Records from a collection
* * * * * * *

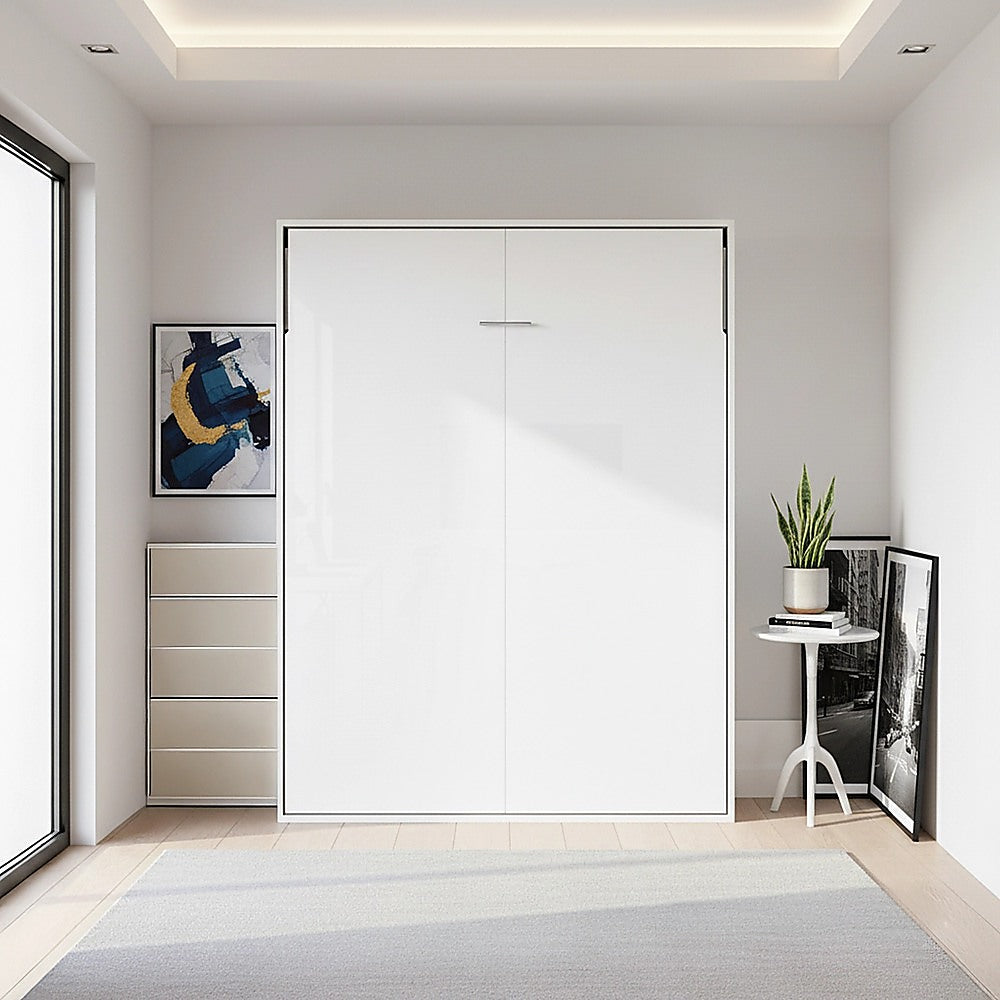 Beds & Bed Frames: Double Wall Bed in White Gloss  Space Saving Murphy Bed Kit with Black Door Handle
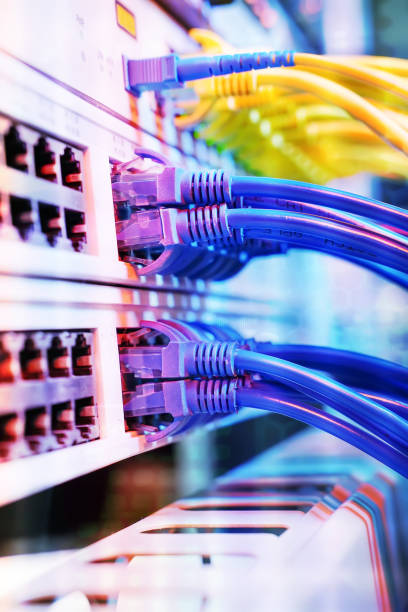sieć komputerowa technologii informatycznych, telekomunikacyjne kable ethernet podłączone do przełącznika. - cable node switch router zdjęcia i obrazy z banku zdjęć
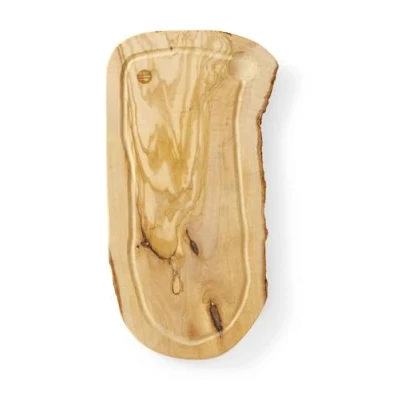 Afbeelding van HENDI Tapasplank, serveerplank, gemaakt van olijfhout, houten plank, ontbijtplank, steakplank, kaasplank, keukenplank, snijplank, met groef, ca. 400x250x(H)18mm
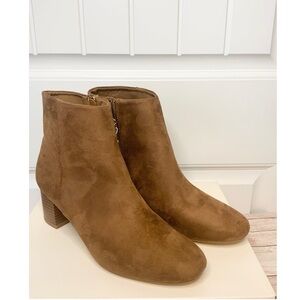 A New Day Kina Micro Suede Heeled Ankle Bootie Cognac Size 9.5
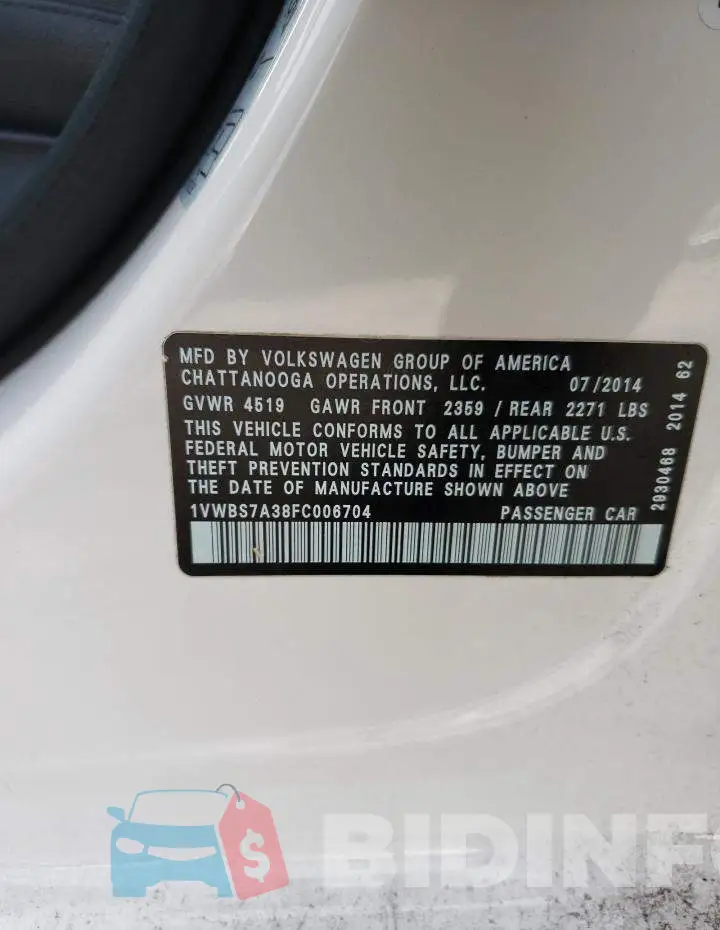 1VWBS7A38FC006704 Photo# 13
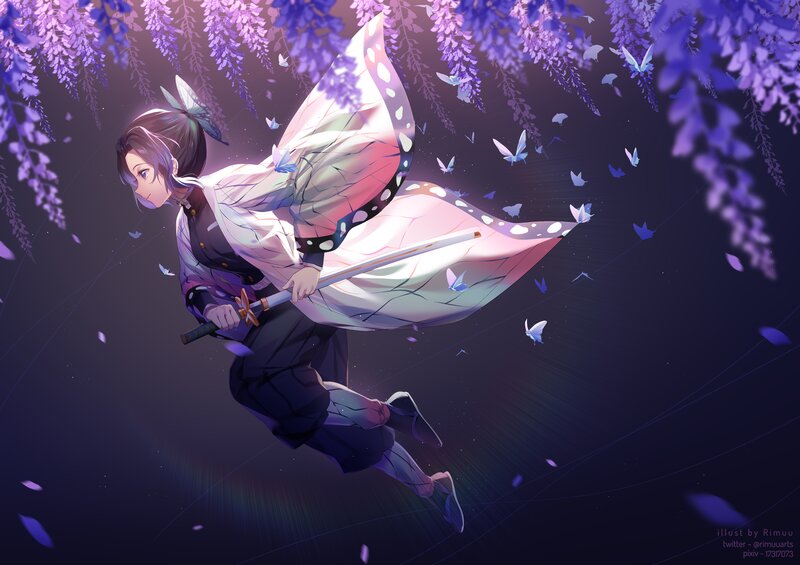 Anime Character with Sword — Purple, Serene, Night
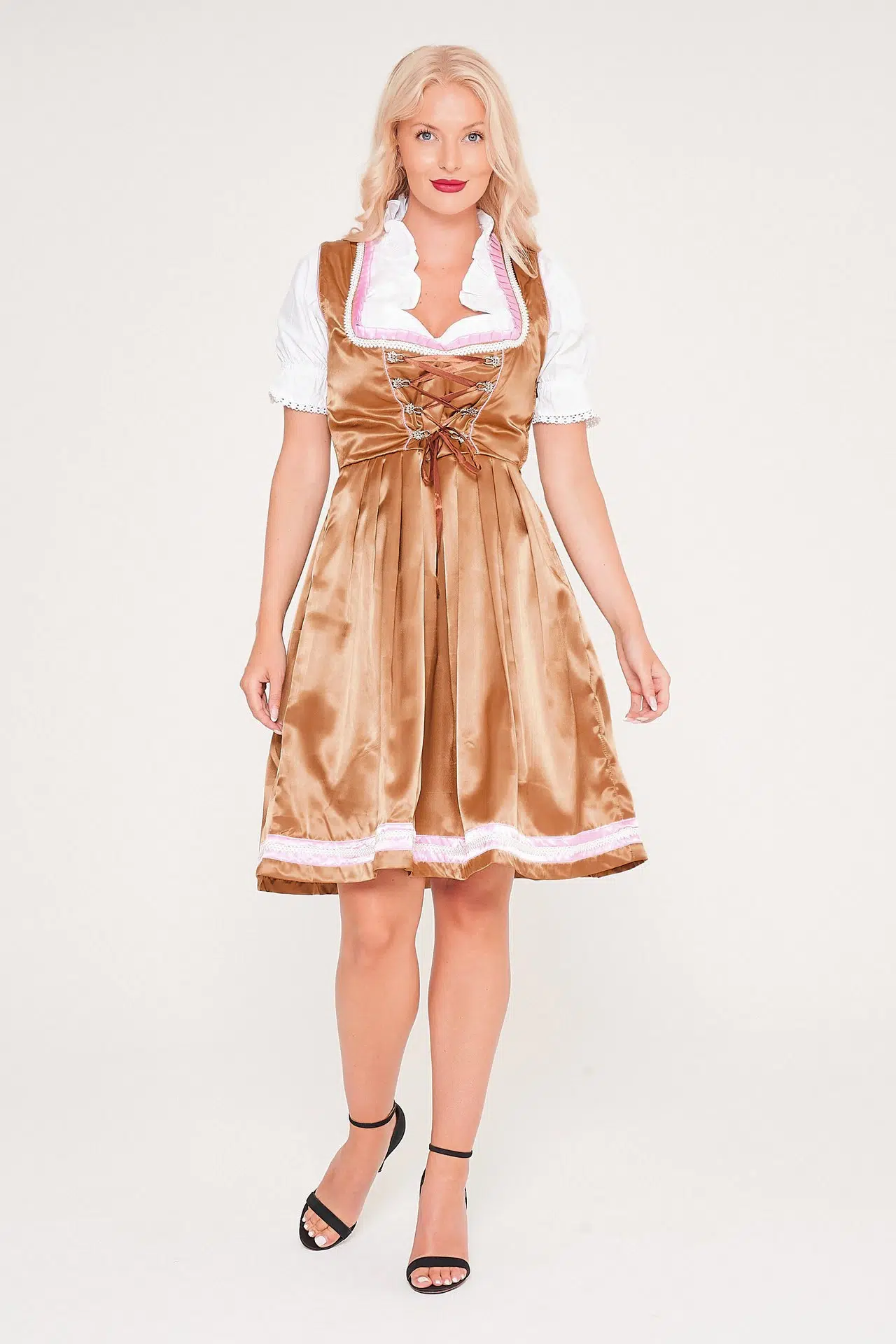 Blonde woman posing in golden midi Dirndl dress. - Lederhosen For Sale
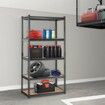 Storage Shelving Unit 5-Tier Adjustable 907 kg Capacity Heavy Duty Garage Shelves Metal Organizer Utility Rack Black 90L x 45W x 183H cm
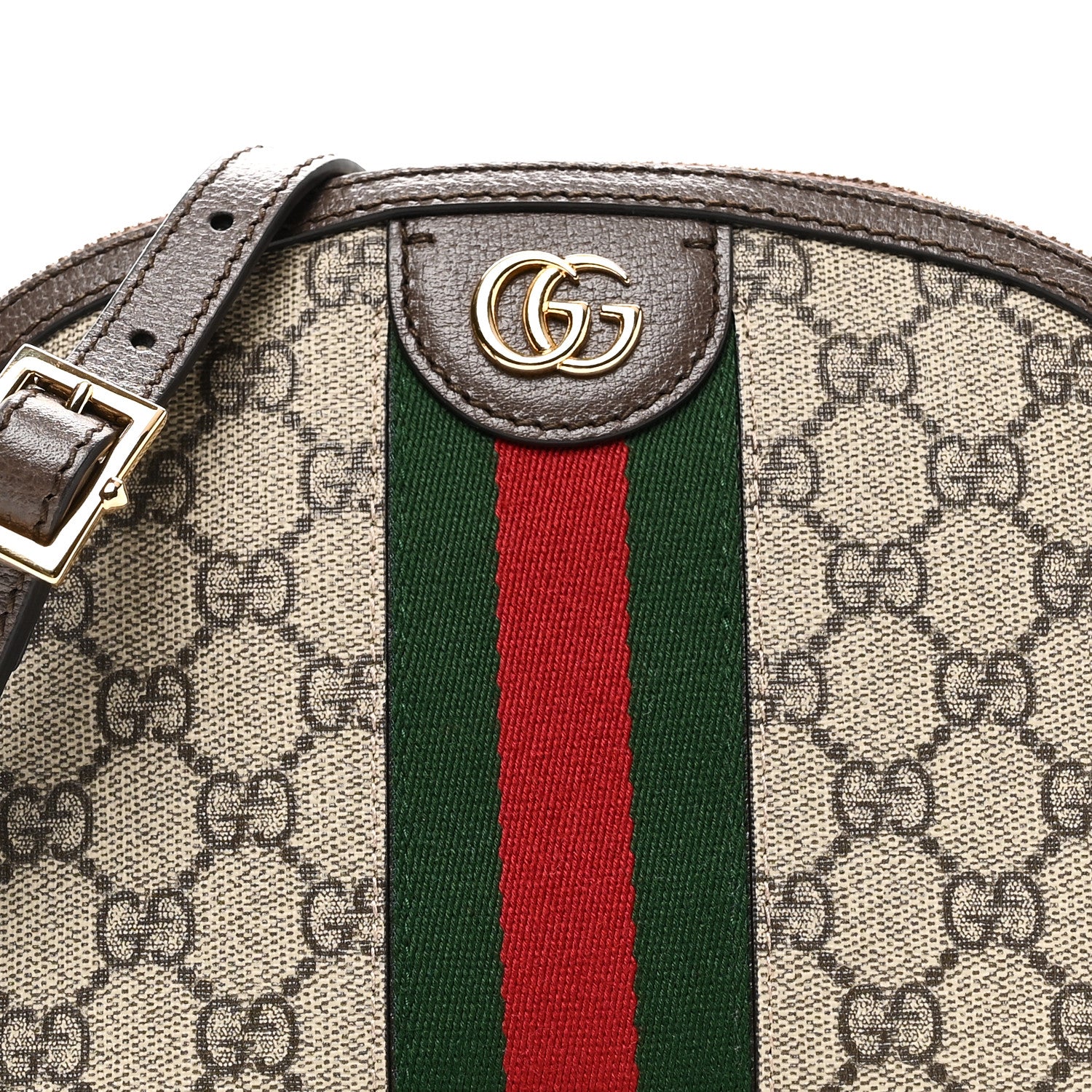 Gucci GG Supreme Monogram Textured Dollar Calfskin Web Small Ophidia Dome Shoulder Bag Beige Ebony New Acero 8 of 10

* * * * * * *

| Exercise details |
Look for the line that contains "Afbeelding van HENDI", then please copy it and the rest of the lines through the end of the data, pictures excluded.

| Exercise output |
 Afbeelding van HENDI Tapasplank, serveerplank, gemaakt van olijfhout, houten plank, ontbijtplank, steakplank, kaasplank, keukenplank, snijplank, met groef, ca. 400x250x(H)18mm
 A New Day Kina Micro Suede Heeled Ankle Bootie Cognac Size 9.5
 1VWBS7A38FC006704 Photo# 13
 Anime Character with Sword — Purple, Serene, Night
 Blonde woman posing in golden midi Dirndl dress. - Lederhosen For Sale
 Storage Shelving Unit 5-Tier Adjustable 907 kg Capacity Heavy Duty Garage Shelves Metal Organizer Utility Rack Black 90L x 45W x 183H cm
 Gucci GG Supreme Monogram Textured Dollar Calfskin Web Small Ophidia Dome Shoulder Bag Beige Ebony New Acero 8 of 10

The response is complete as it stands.